● **ENTRIES SHOWN**:
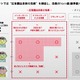 VRI・All About・goo・MS・ヤフー、「ネット広告効果」に関する共同調査結果を発表 画像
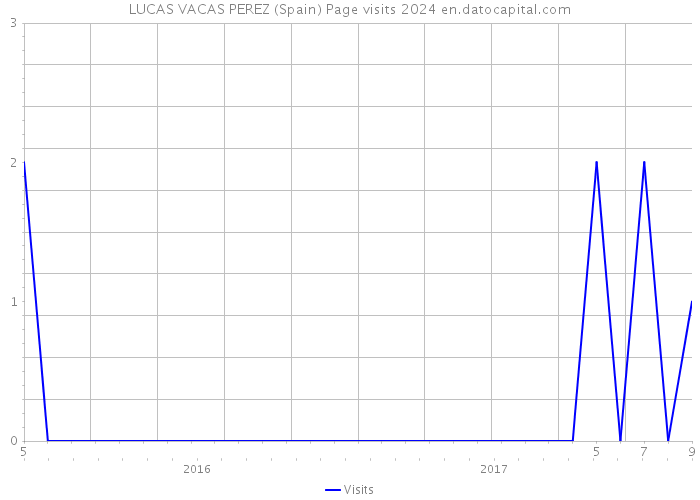 LUCAS VACAS PEREZ (Spain) Page visits 2024 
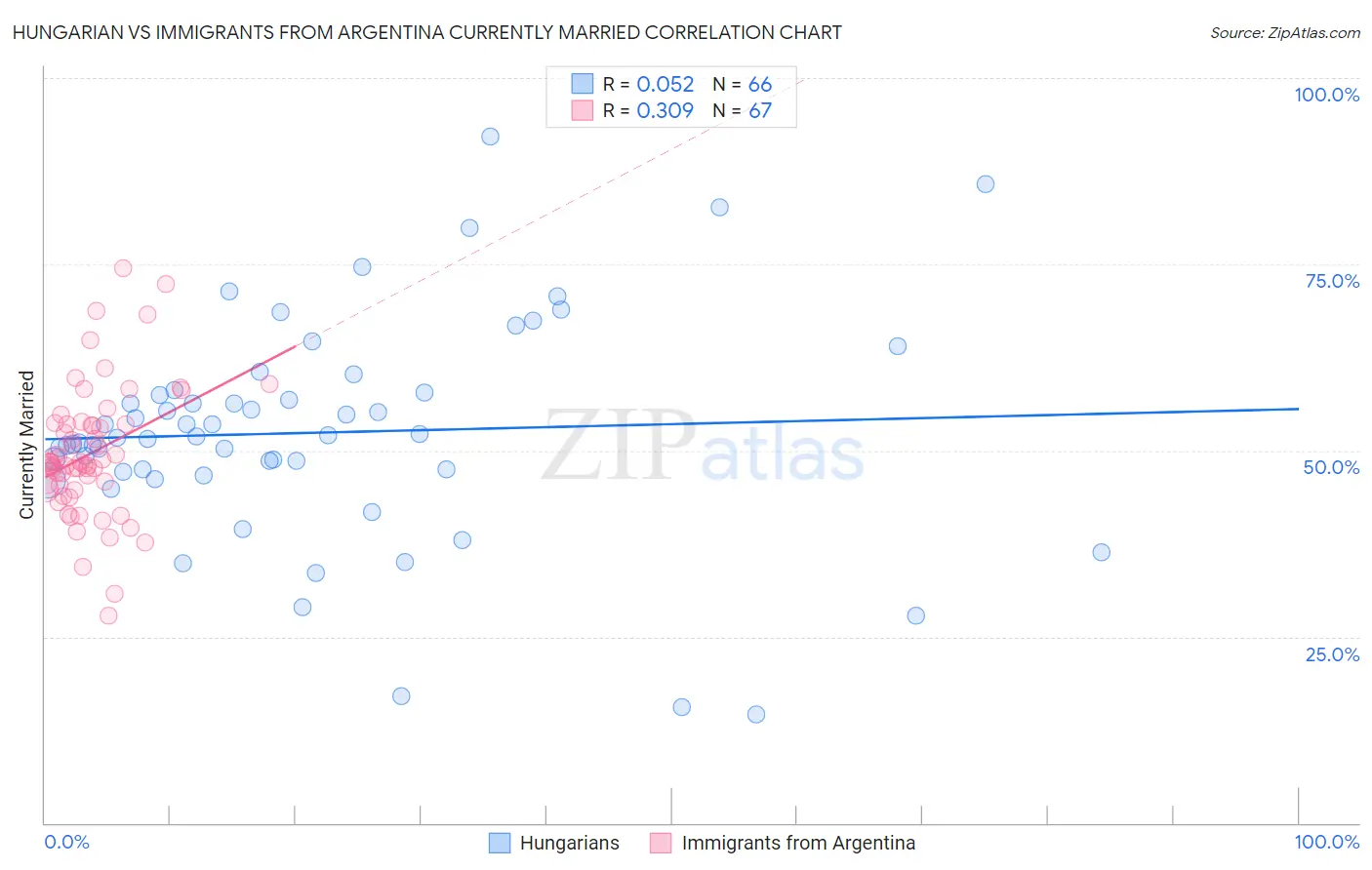 Hungarian vs Immigrants from Argentina Currently Married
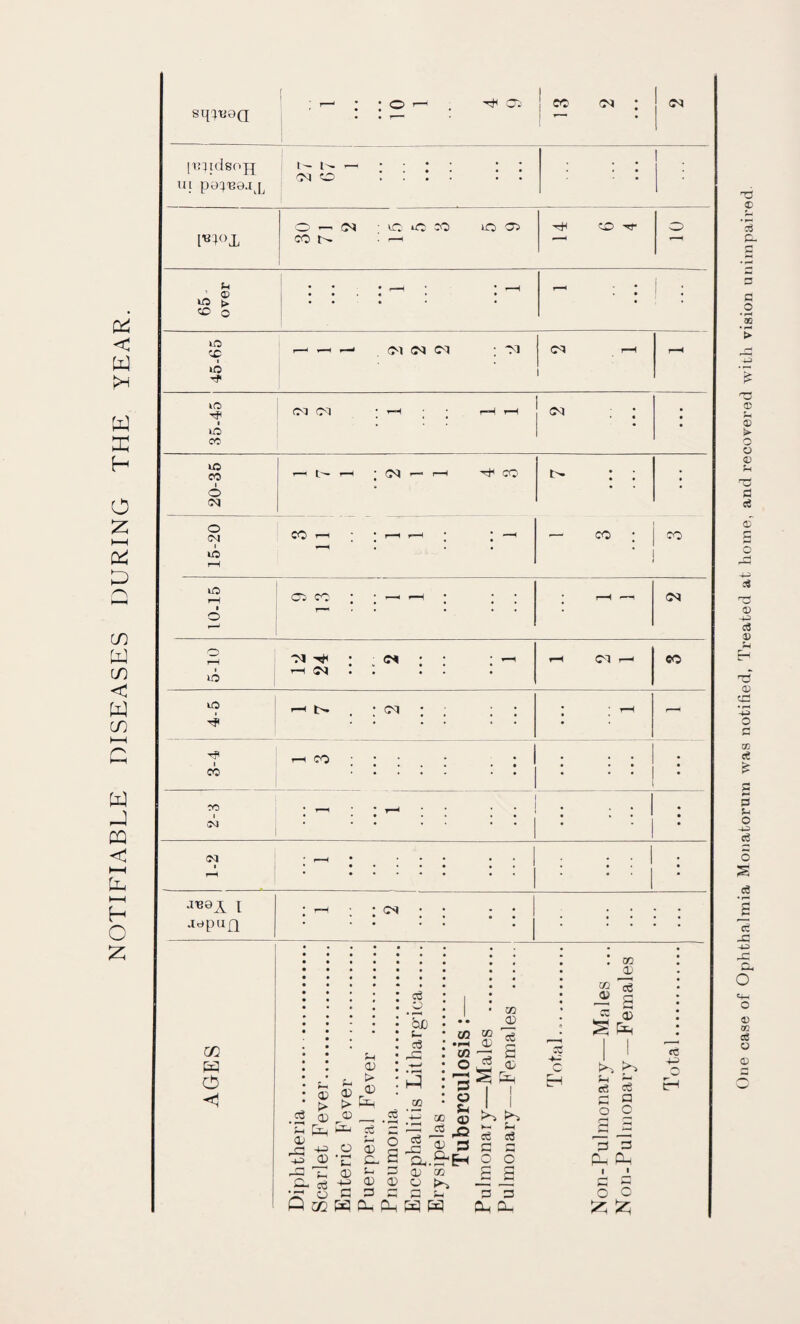 NOTIFIABLE DISEASES DURING THE YEAR. sqcjtiQg; [tqid8o]q ui pe^ne-i^L i-  : : : ; : : 05 CD .... . . : : : . O’— 05 VC, »C:CO ICO CO ' CD o 65- over • • • r—H • * • . « * • • • • • • • • j 1 45-65 — — 05 05 05 ; O 05 I—1 I—H 35-45 <>1 : ; • • 20-35 1 t^r-H 1 'H^CO : ; • 15-20 CO 1™^ 1 — CO ; CO lO CO cc ; : — —H ; ; ; r-H 05 1 • * • • • , o .-~N 05 : 05 • • ; Ol 1^ CO 1 1—1 05 • . • • • VO »o I—< t>. • 05 ' ■ ■ • • • rH r—H L' . . • CO : : : • • —^ • • r-l ■ • . iM • * • • • • * • • iM .. • . • • • • . . • • • . * • • ♦•♦•• •• I a^puf} m w O <1 cs O) S-H ^ g _c^ CP ^OJ Etj si S Ip '-‘Cl ^ -|_3 O P Q CL s ^ (P !-- :3 vr o C P s Q W Ph aS • ^ • bi) t. rP m m a:i • r^ ai o cs o u ^ p ct5 o p fS 3Eh p ay CJ H Si ay 03 o; IH I fin C c^ LP >-H (-1 o3 d C P o c _s a P 3 cih q- . ay -2 ^ iX> § fi 2 ee P ^ a O O 3 3 PL PL I ■ ^ a o c CC O r-i One case of Ophthalmia Monatorum was notified, Treated at home, and recovered with vision unimpaired.
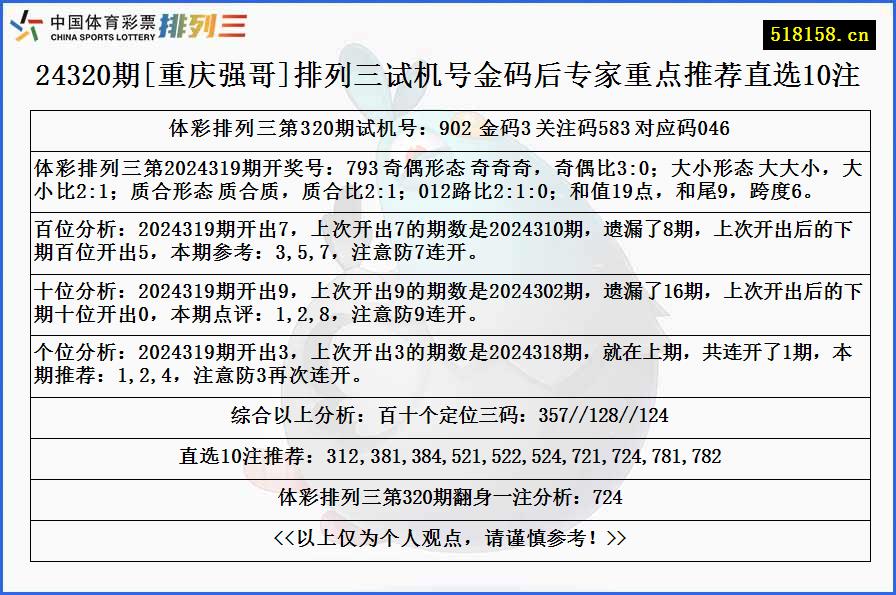 24320期[重庆强哥]排列三试机号金码后专家重点推荐直选10注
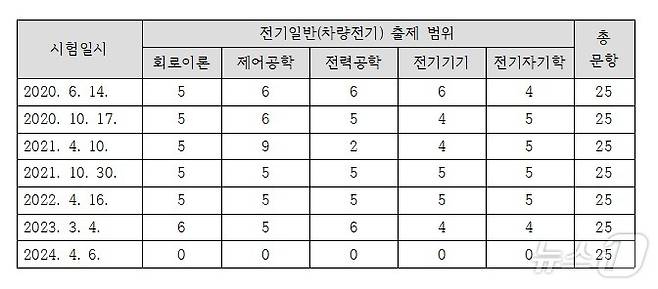 2024년 상반기 한국철도공사 채용형인턴 응시자와 공기업 취업 학원이 분석한 ‘전기일반(차량전기)’ 지난 5년치 필기시험 범위. (법무법인 민심 제공. 재판매 및 DB금지) /뉴스1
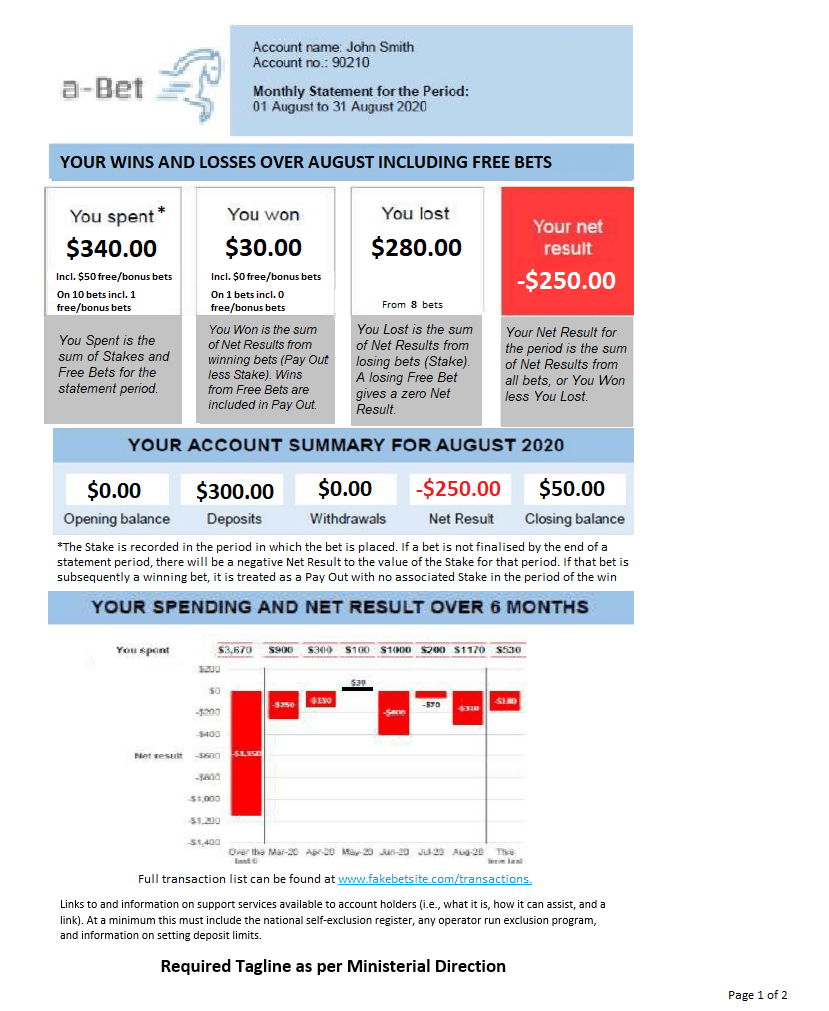 Example of monthly activity statement image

● **WHAT YOU HAVE TO DO**: Write the material out again exactly as it appears, dropping the pictures.

● **SOLUTION TO THE PROBLEM**:
 VRI・All About・goo・MS・ヤフー、「ネット広告効果」に関する共同調査結果を発表 画像
 LUCAS VACAS PEREZ (Spain) Page visits 2024 
 Hungarian vs Immigrants from Argentina Currently Married
 NOTIFIABLE DISEASES DURING THE YEAR. sqcjtiQg; [tqid8o]q ui pe^ne-i^L i-  : : : ; : : 05 CD .... . . : : : . O’— 05 VC, »C:CO ICO CO ' CD o 65- over • • • r—H • * • . « * • • • • • • • • j 1 45-65 — — 05 05 05 ; O 05 I—1 I—H 35-45 <>1 : ; • • 20-35 1 t^r-H 1 'H^CO : ; • 15-20 CO 1™^ 1 — CO ; CO lO CO cc ; : — —H ; ; ; r-H 05 1 • * • • • , o .-~N 05 : 05 • • ; Ol 1^ CO 1 1—1 05 • . • • • VO »o I—< t>. • 05 ' ■ ■ • • • rH r—H L' . . • CO : : : • • —^ • • r-l ■ • . iM • * • • • • * • • iM .. • . • • • • . . • • • . * • • ♦•♦•• •• I a^puf} m w O <1 cs O) S-H ^ g _c^ CP ^OJ Etj si S Ip '-‘Cl ^ -|_3 O P Q CL s ^ (P !-- :3 vr o C P s Q W Ph aS • ^ • bi) t. rP m m a:i • r^ ai o cs o u ^ p ct5 o p fS 3Eh p ay CJ H Si ay 03 o; IH I fin C c^ LP >-H (-1 o3 d C P o c _s a P 3 cih q- . ay -2 ^ iX> § fi 2 ee P ^ a O O 3 3 PL PL I ■ ^ a o c CC O r-i One case of Ophthalmia Monatorum was notified, Treated at home, and recovered with vision unimpaired.
 24320期[重庆强哥]排列三试机号金码后专家重点推荐直选10注
 2024년 상반기 한국철도공사 채용형인턴 응시자와 공기업 취업 학원이 분석한 ‘전기일반(차량전기)’ 지난 5년치 필기시험 범위. (법무법인 민심 제공. 재판매 및 DB금지) /뉴스1
 Example of monthly activity statement image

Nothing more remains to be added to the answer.